Research

Funding 

My research threads have been funded by National Institute of Health (R01 grant - 1 percentile score), National Science Foundation and Office of Naval Research with me as PI/co-PI.

Research Codes

Research codes of many of my papers are available on my GitHub page (Raj Guhaniyogi GitHub)

Spatial and Spatial-temporal Modeling

Due to the recent advances in Geographical Information Systems (GIS) and other advanced measurement techniques with lower storage costs, the size and complexity of spatially geocoded data are growing over time. While classical geospatial models using Gaussian processes are ideal to capture complex local variations in spatial data, they are often inadequate in scaling to large datasets due to the massive computation and storage complexity. The issue is further exacerbated for Bayesian estimation of Gaussian process models using Markov Chain Monte Carlo (MCMC). I have been introduced to this problem during my early PhD years through my first-hand collaboration with environmental and soil scientists on the spatial/space-time analysis of massive remote sensing data. I have been developing computationally efficient low-rank Gaussian processes, their multiscale variants and distributed inference with Gaussain processes to offer general solutions to this problem.


Distributed Bayesian Inference for Stochastic Process Modeling of Massive Structured Data

While last decade has seen an increasing interest in developing practically efficient and theoretically optimal flexible high-dimensional and nonparametric Bayesian methods to model the complex dependencies in massive structured datasets (e.g., spatial data, temporal data, higher order functional data) that aid precise characterization of uncertainty from the underlying stochastic processes, most of this effort has been devoted to the development of novel modeling approaches. This literature has largely operated within a centralized data processing framework where all data are stored and analyzed on a single processor. However, many practical considerations often require data to be analyzed in a decentralized manner without any communication between the analysis for different subparts. While this scenario majorly arises in my collaboration with environmental scientists regarding efficient storage and computation of massive data, I have also encountered it during my collaboration with multiple groups in national laboratories which collect data on similar characteristics, but are not able to share data outside of their organization. In such cases, it is crucial to adopt a strategy of "federated" or "distributed" learning with complex stochastic process models for structured data. Most of the ML strategies on this topic is suboptimal for offering uncertainty quantification and lack theoretical gurantees. This thread comprehensively addresses this gap by offering a general distributed Bayesian algorithm for stochastic process models with dependent data.

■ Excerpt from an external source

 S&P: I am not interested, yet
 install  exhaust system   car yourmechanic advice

Bayesian Regression with Non-Euclidean Objects

Collaboration with neuroscientists sparked my interest in developing regression methods with non-euclidean objects, such as tensors or graphs. Consequently, my group developed the first Bayesian regression frameworks with tensor-valued predictors, as well as with tensor-valued responses. Of late, neuro-imaging data from multiple imaging modalities (e.g., fMRI, DTI, PET) haa opened the possibility of integrating information from different sources to study neuro-degenerative disorders, like Alzheimer's. To this end, my group has been actively pursuing development of regression methods with diverse objects having different but connected topologies. This is an extremely ripe yet largely unexplored area of research which will see many exciting developments.

Bayesian Data Sketching with Random Matrices

The three important aspects of modern statistical learning approaches in the era of complex and high dimensional data are accuracy, scale and privacy in inference. Modern data is increasingly complex and high dimensional, involving a large number of  variables and large sample size, with complex relationships between different variables. Developing practically efficient (in terms of storage and analysis) and theoretically “optimal” Bayesian high dimensional parametric or nonparametric regression methods to draw accurate inference with valid uncertainties from such complex datasets is a very ripe area of research. Privacy for data samples is often an important consideration in developing inference with such methods, especially when a large  amount of confidential data is handled within an organization. Developing a general solution for these problems, we propose approaches based on data compression using a small number of random linear transformations. Our approach either reduces a large number of records corresponding to each variable using compression, in which case it maintains feature interpretation for adequate inference, or, reduces the dimension of the covariate vector for each sample using compression, in which case the focus is only on prediction of the response. In either case, data compression facilitates drawing storage efficient, scalable and accurate Bayesian inference/prediction in presence of high dimensional data with sufficiently rich parametric and nonparametric regression models. 


Bayesian High-Dimensional Regressions

In the current surge of high-throughput data exploration, we frequently encounter intricate outcomes presented as high-dimensional arrays, where the number of model parameters (p) massively surpasses the sample size (n), even in the case of the simplest parametric models. The challenge of making inferences in scenarios where the parameter count (p) far exceeds the sample size (n) urges us to delve into and leverage lower-dimensional structures inherent in the data generation process. However, Bayesian estimation of the data generation process and subsequent inference is computationally prohibitive and inferentially inaccurate when p far exceeds n.  One of my long-term research threads is to develop novel approaches to draw predictive inference in such scenarios bypassing computationally inefficient MCMC. I have also offered computationally efficient strategies to draw inference for Bayesian high-dimensional regressions when both n and p are large.


Online Approximate Bayesian Learning with Guarantees on Uncertainty

In the past decade, there is a growing interest in Online Bayesian learning for complex datasets obtained sequentially over time. These interests are flurred by the high-dimensional sequential data obtained routinely in stock markets and from satellites. While there has been a growing literature in online Bayesian methods and algorithms, they are often not conducive to offer desirable inference for high-dimensional sequential data. Besides, these approaches often do offer theoretical guarantee in this scenario. To address this gap, a long-term research thread of mine develops online Bayesian learning algorithms which offers accurate inference even with high-dimensional sequential data, and offers asymptotically guaranteed inference.

Projects in Public Health

I have been involved in various public health projects in collaboration with epidemiologists, particularly in the area of detecting boundaries between counties with significant differences in health outcomes on either side.